Work instruction:
Your answer must be the full listing below, restated word for word, with no pictures in it.

Source material:
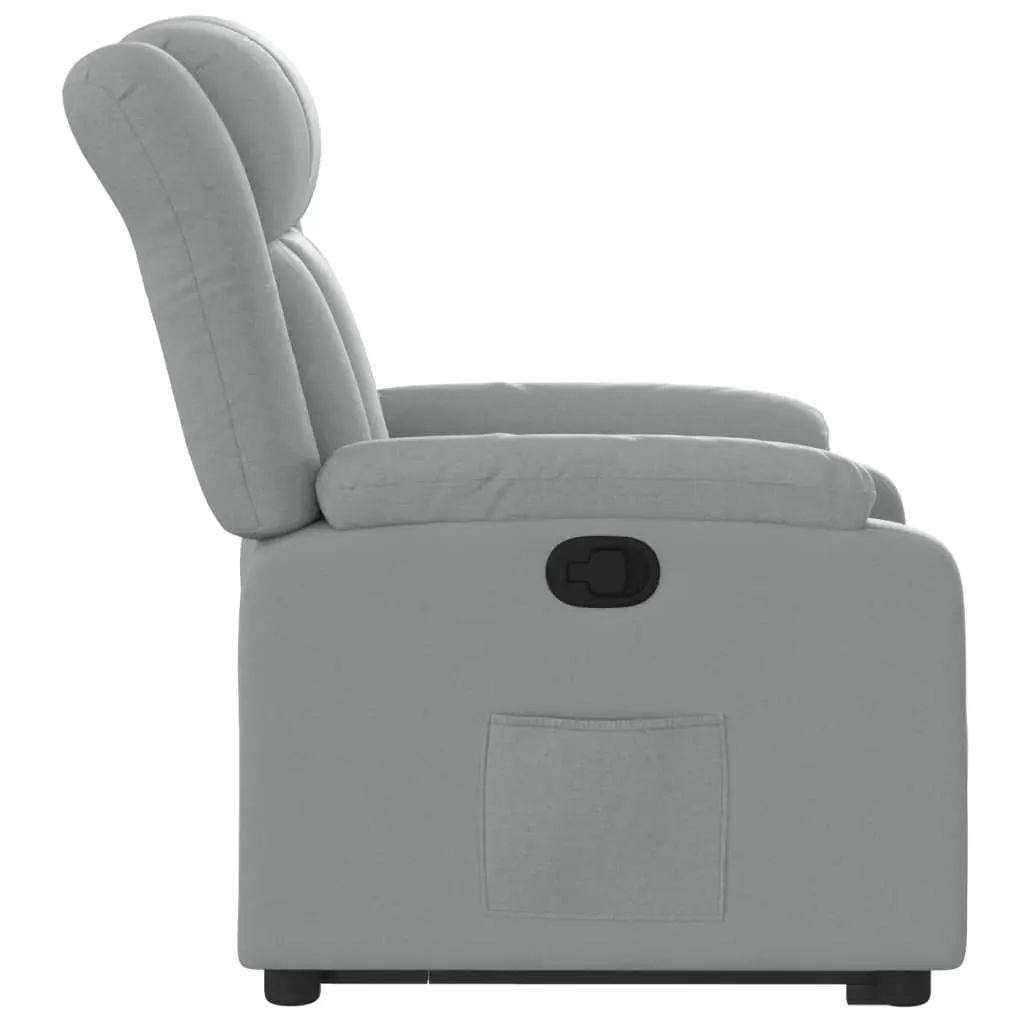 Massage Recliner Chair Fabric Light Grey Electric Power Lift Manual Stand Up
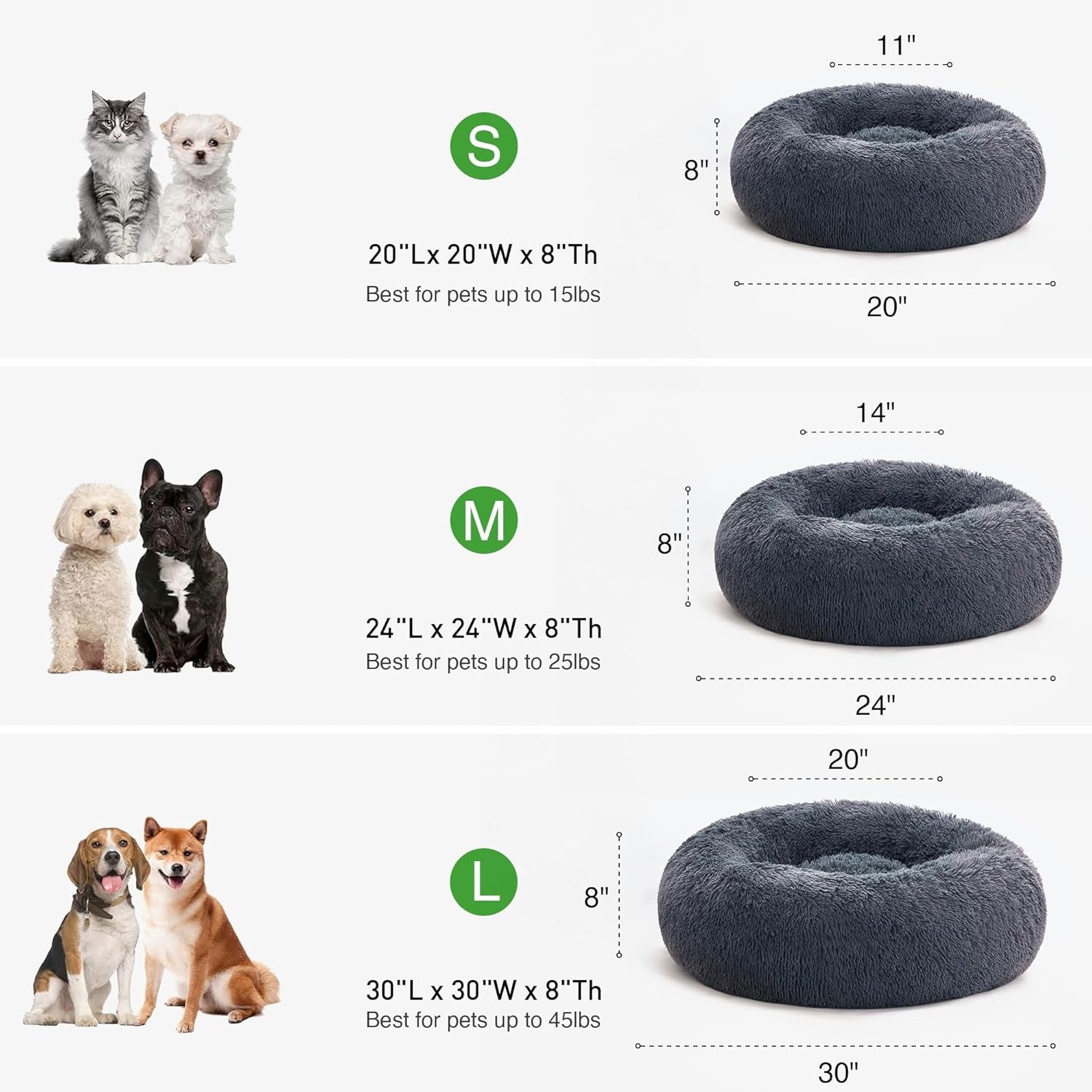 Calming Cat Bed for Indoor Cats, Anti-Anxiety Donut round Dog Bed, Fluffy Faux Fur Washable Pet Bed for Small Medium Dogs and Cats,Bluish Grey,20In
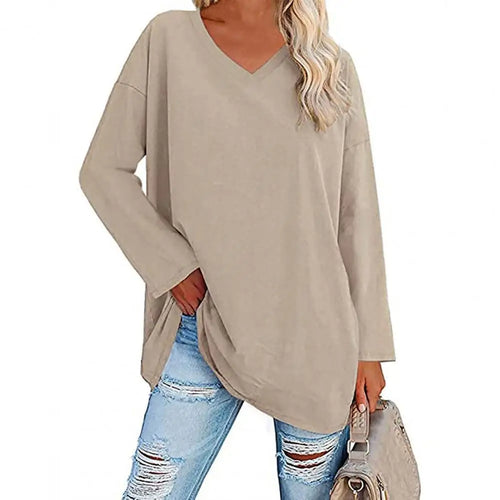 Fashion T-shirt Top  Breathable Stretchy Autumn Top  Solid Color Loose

Written answer:
 Massage Recliner Chair Fabric Light Grey Electric Power Lift Manual Stand Up
 Calming Cat Bed for Indoor Cats, Anti-Anxiety Donut round Dog Bed, Fluffy Faux Fur Washable Pet Bed for Small Medium Dogs and Cats,Bluish Grey,20In
 Fashion T-shirt Top  Breathable Stretchy Autumn Top  Solid Color Loose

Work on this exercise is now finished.